В сорок первом году в июле – августе немцы забрасывали нас листовками с призывами убивать своих командиров и переходить на их сторону. В листовках значилось: «Русский матрос (они знали, что мы матросы)! Хватит воевать, убивайте командиров и комиссаров и переходите к нам. У нас есть пища, у нас будете живы. Иначе через неделю придем в Ленинград и всех вас повесим». Потом включали пластинки, и «Катюшу» играли, гады. Вот такие бодрые немцы были в сорок первом году. Потом по громкоговорителю передавали – у нас таких не было. Листовки мы рвали, как правило. Читать их никто не запрещал, читай сколько влезет. Они забрасывали нас ими, как снег лежали эти листовки на брустверах окопов. Только один матрос убежал к немцам – мой связной.

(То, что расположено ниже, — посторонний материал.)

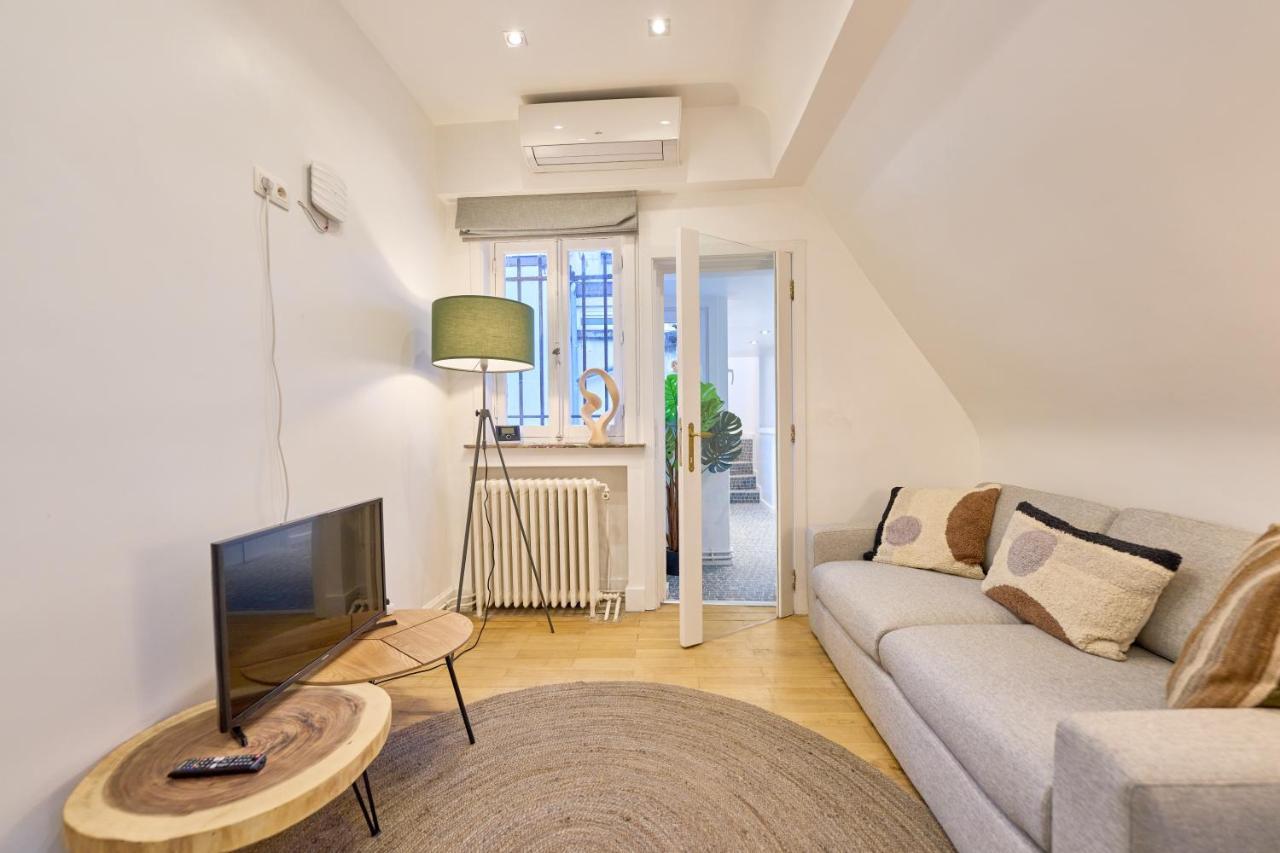 Maison Grand Place 2Br 3 Brüsszel Kültér fotó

Потом после госпиталя был на курсах переподготовки офицерского состава КБФ. Это отдельная история, как учили и чему учили. Поэтому я учился в группе комендантов.

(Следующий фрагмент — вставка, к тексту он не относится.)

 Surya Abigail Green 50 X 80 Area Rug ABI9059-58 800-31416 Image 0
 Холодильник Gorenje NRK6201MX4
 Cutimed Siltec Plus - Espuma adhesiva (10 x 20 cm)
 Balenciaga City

Ройтенбурд Лазарь Наумович
(интервью Ю. Трифонова)
Я родился 1 января 1921 года в городе Алчевск Луганской области. Мой отец, Ройтенбурд Наум Иосифович, работал бухгалтером, мать, Феня Марковна, была домохозяйкой. До войны я окончил десять классов, то есть получил полное среднее образование, причем стал обладателем золотого аттестата. Решил продолжить учебу и поступил в Харьковский авиационный институт на факультет «самолетостроение» по специальности «технолог», нас учили подбирать детали для самолетостроения, от мелких деталей до крыла и прочее. Наш вуз был довольно-таки интересным учебным заведением, образование носило полувоенный характер. Мы имели повышенную стипендию, и хотя в целом ХАИ не являлся военно-авиационным училищем, но его в какой-то мере приравнивали к военным заведениям. Например, у нас не переводили студентов, даже успешно сдавших все экзамены, на третий курс, если ты не окончишь аэроклуб, планерную школу или не совершишь несколько прыжков с парашютом. Конечно же, большинство выбирало парашют, это интересно и увлекательно. Я совершил семь прыжков, за что получил знак парашютиста, выполненный в виде семерки.

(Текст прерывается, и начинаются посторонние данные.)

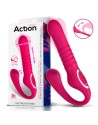 ACTION NO. TWENTYTHREE VIBRADOR FLEXIBLE 180º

После окончания двух полных курсов Харьковского авиационного института меня вместе с однокурсниками отправили в июне на практику в Сталинград. Стажировались в заводе «Красный октябрь», где работали в мартеновских цехах и у доменных печей, смотрели за тем, как происходит изготовление деталей для самолетов. Кстати, на этом заводе были закрытые цеха, где производили специальный металл для авиации. 22 июня 1941 года, находясь на одной из смен, мы услышали выступление по радио народного комиссара иностранных дел СССР Вячеслава Михайловича Молотова о том, что началась война с Германией. Тут же вместе с товарищами по институту я написал заявление с просьбой об отправке на фронт. И в этот же день, в воскресенье, на завод пришла телеграмма из Харькова с предписанием всем студентам немедленно возвратиться в институт. По прибытии в ХАИ мы узнали о том, что в срочном порядке создается студенческий батальон, и к нам в класс пришел майор из военкомата, который сказал: «Ребята, я вас не принуждаю, но кто хочет, может записаться в батальон». Все мы написали заявления, у нас было несколько ребят, непригодных к военной службе по состоянию здоровья, но и они написали заявления. Им отказали. К тому времени муж моей сестры, мой зять, оканчивал пятый курс Харьковского государственного университета, и он уже записался в студенческий батальон, а тут я прибываю в эту часть. Лейтенанта упросили, и через день мы с ним уже находились в одном отделении. На следующий день нас уже везли в переполненных вагонах на фронт. Это был ужас какой-то, люди сидели на крышах, и в этой сутолоке я простудился. Стою в строю, лицо красное, старшина мимо идет и спрашивает меня: «Что такое, почему такой красный?» Ответил: «В детстве молока много пил!» Но шутка не сработала, отправили меня в санчасть, здесь обнаружили, что температура моего тела составляет 39 градусов. И меня направили в лазарет Харьковского авиационного института. Через пять дней я выздоровел, пришел в свой вуз и узнал о том, что студенческий батальон проследовал в Чугуев. По моей просьбе позвонили туда, оказалось, что часть уже убыла под Белую Церковь. И почти весь батальон там погиб, в том числе и мой зять. А я остался жив, по предписанию из военкомата попал в Севастопольское военно-морское артиллерийское училище береговой обороны имени Ленинского Коммунистического Союза Молодежи Украины. Был зачислен на артиллерийский факультет курсантом первого курса.